▶ [Your task] Only the lines below between the one holding "Heritage Residences-The Grey Lounge" and the one holding "张峻宁 Junning Zhang照片", inclusive, are to be reproduced word for word; the pictures are to be left out.

▶ [Material for the task]
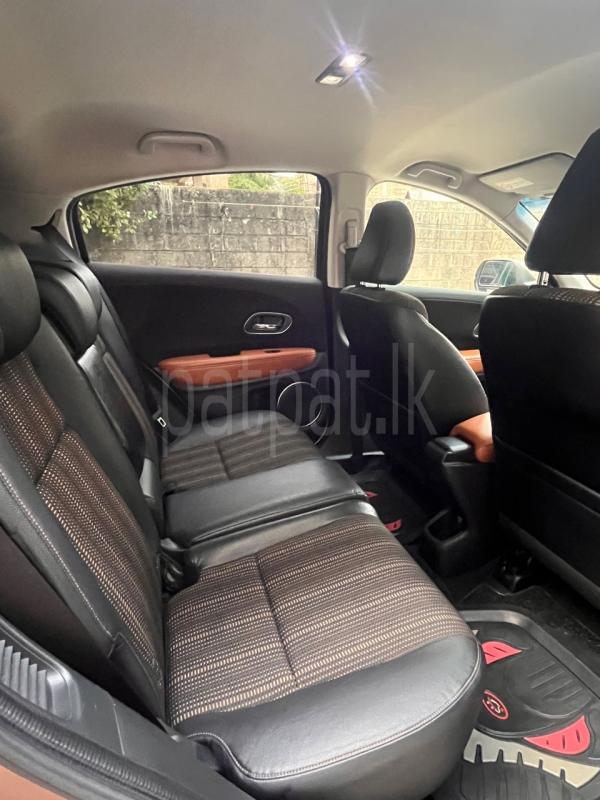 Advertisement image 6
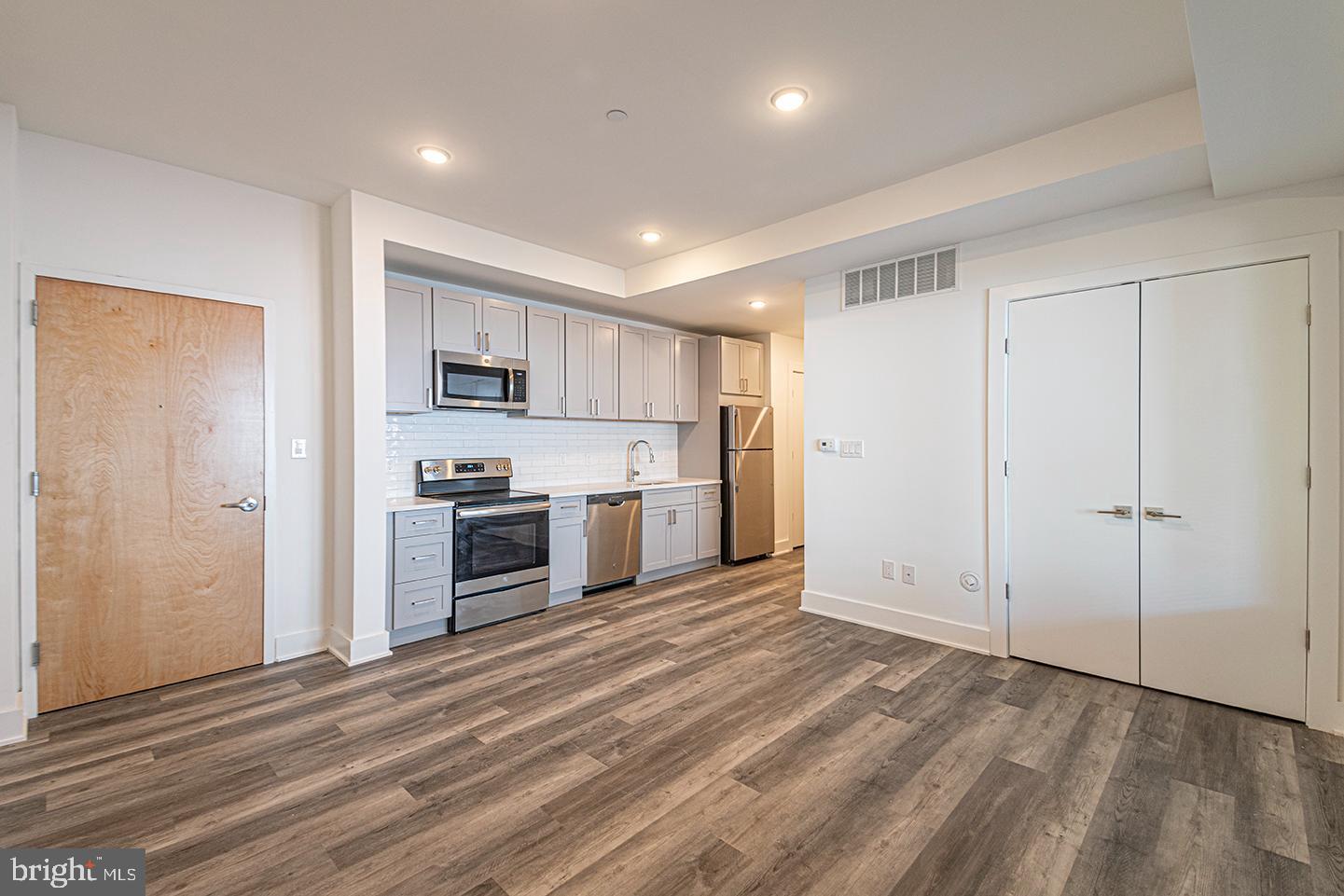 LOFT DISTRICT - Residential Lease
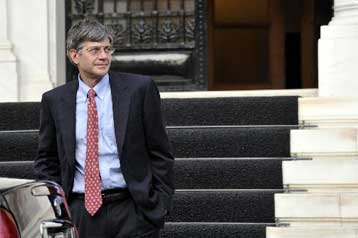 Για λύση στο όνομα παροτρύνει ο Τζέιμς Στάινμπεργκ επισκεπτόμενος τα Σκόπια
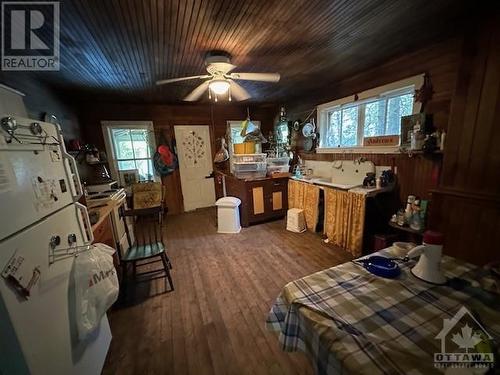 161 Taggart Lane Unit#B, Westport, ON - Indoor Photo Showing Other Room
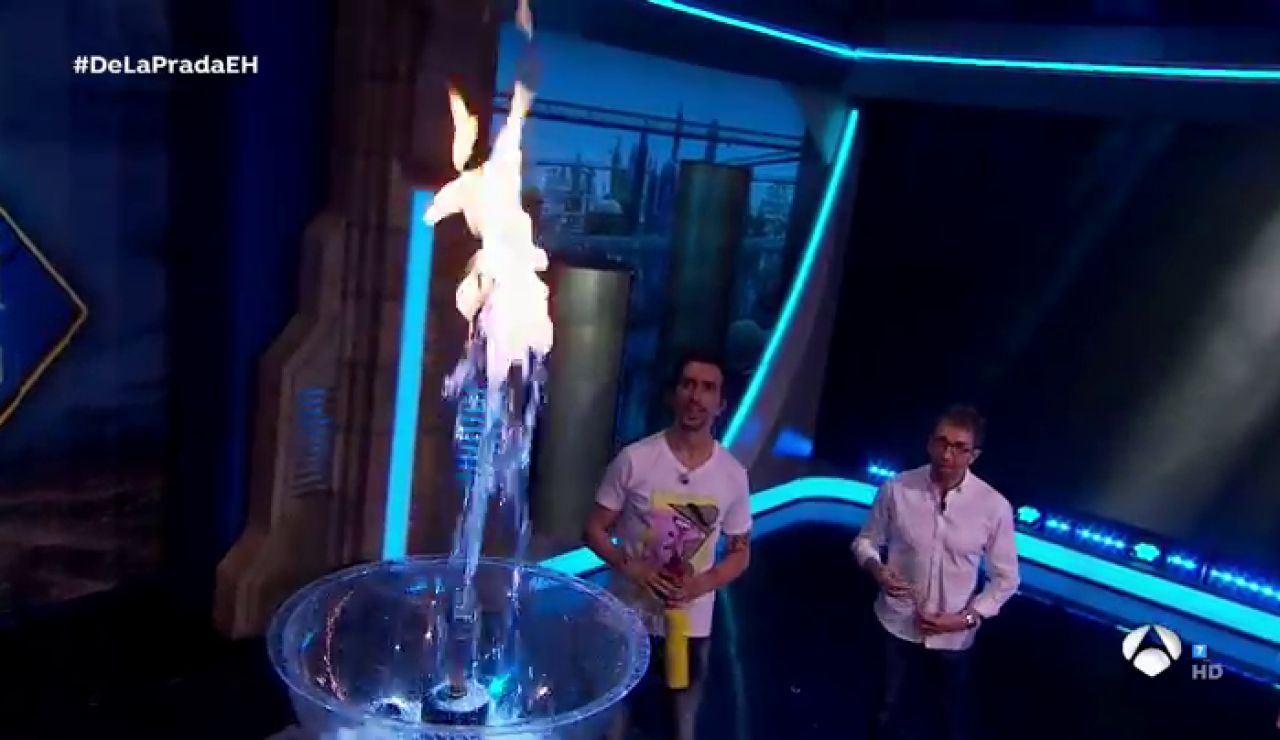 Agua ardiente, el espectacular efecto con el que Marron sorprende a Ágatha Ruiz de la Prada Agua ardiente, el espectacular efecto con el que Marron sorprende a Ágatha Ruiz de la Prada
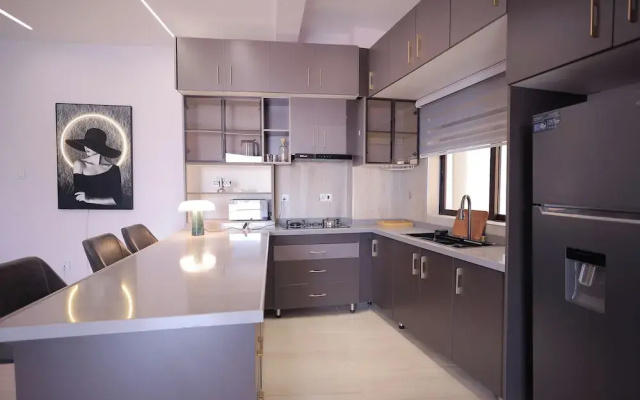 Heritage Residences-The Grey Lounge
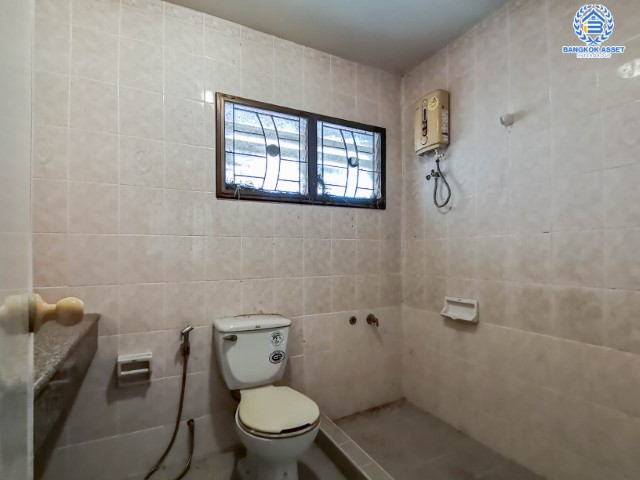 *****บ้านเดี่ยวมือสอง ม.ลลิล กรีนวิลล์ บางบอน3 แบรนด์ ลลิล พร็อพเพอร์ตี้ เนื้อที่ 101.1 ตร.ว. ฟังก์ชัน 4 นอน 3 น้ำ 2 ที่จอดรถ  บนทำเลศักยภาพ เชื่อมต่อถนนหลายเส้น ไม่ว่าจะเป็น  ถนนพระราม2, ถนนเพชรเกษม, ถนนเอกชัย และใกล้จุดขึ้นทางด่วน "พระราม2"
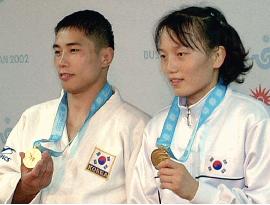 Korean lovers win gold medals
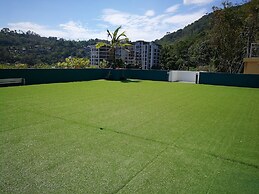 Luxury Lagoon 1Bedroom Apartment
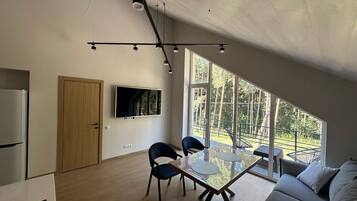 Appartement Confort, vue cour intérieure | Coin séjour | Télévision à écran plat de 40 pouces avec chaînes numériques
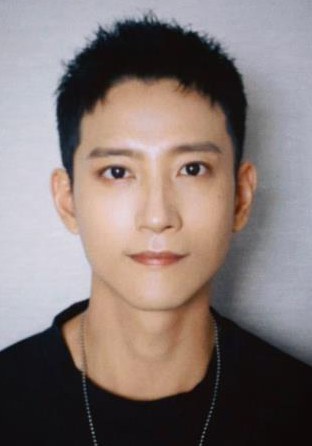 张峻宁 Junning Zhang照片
---
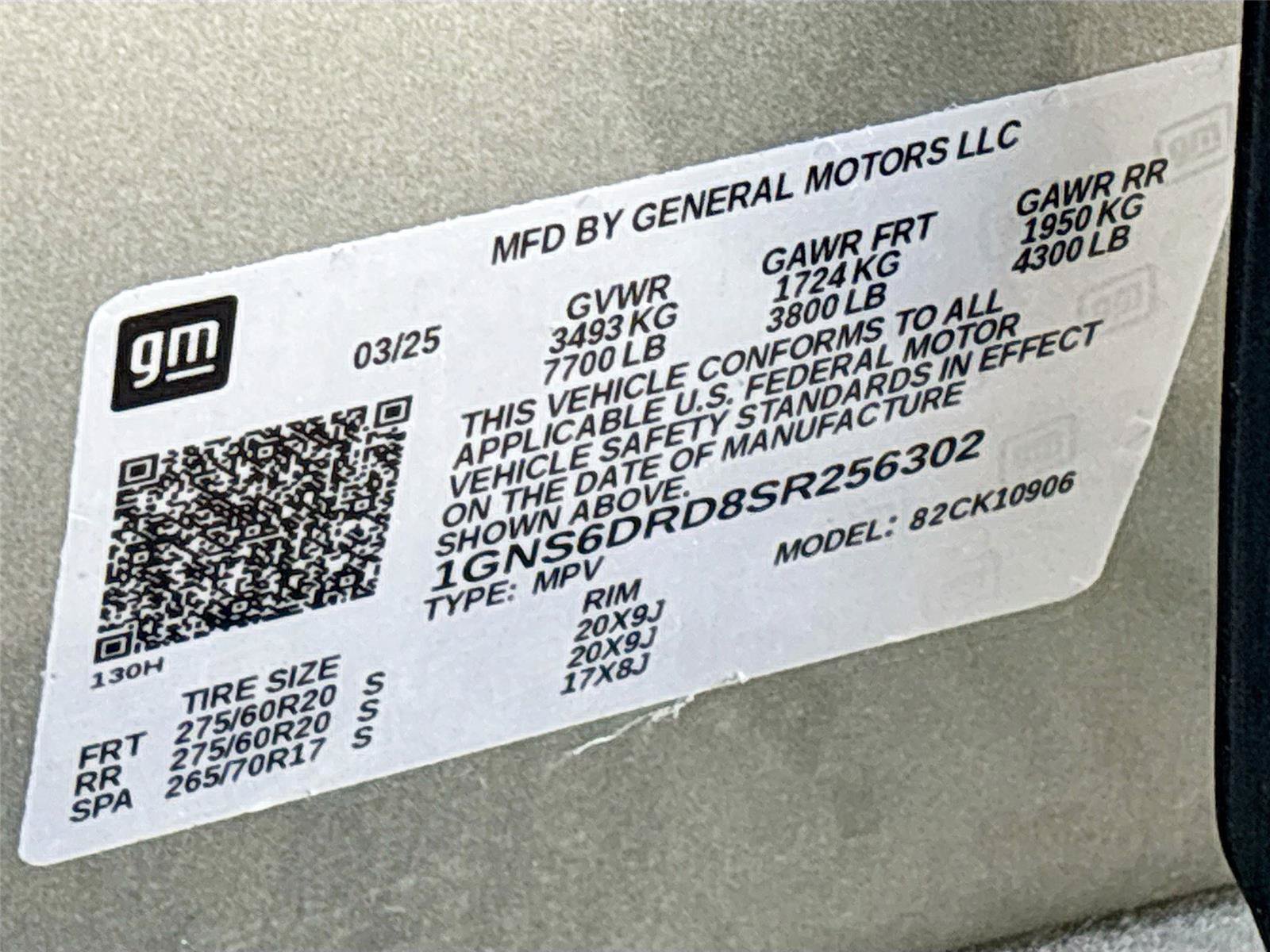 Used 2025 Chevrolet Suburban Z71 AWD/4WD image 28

▶ [Reply to the task]
 Heritage Residences-The Grey Lounge
 *****บ้านเดี่ยวมือสอง ม.ลลิล กรีนวิลล์ บางบอน3 แบรนด์ ลลิล พร็อพเพอร์ตี้ เนื้อที่ 101.1 ตร.ว. ฟังก์ชัน 4 นอน 3 น้ำ 2 ที่จอดรถ  บนทำเลศักยภาพ เชื่อมต่อถนนหลายเส้น ไม่ว่าจะเป็น  ถนนพระราม2, ถนนเพชรเกษม, ถนนเอกชัย และใกล้จุดขึ้นทางด่วน "พระราม2"
 Korean lovers win gold medals
 Luxury Lagoon 1Bedroom Apartment
 Appartement Confort, vue cour intérieure | Coin séjour | Télévision à écran plat de 40 pouces avec chaînes numériques
 张峻宁 Junning Zhang照片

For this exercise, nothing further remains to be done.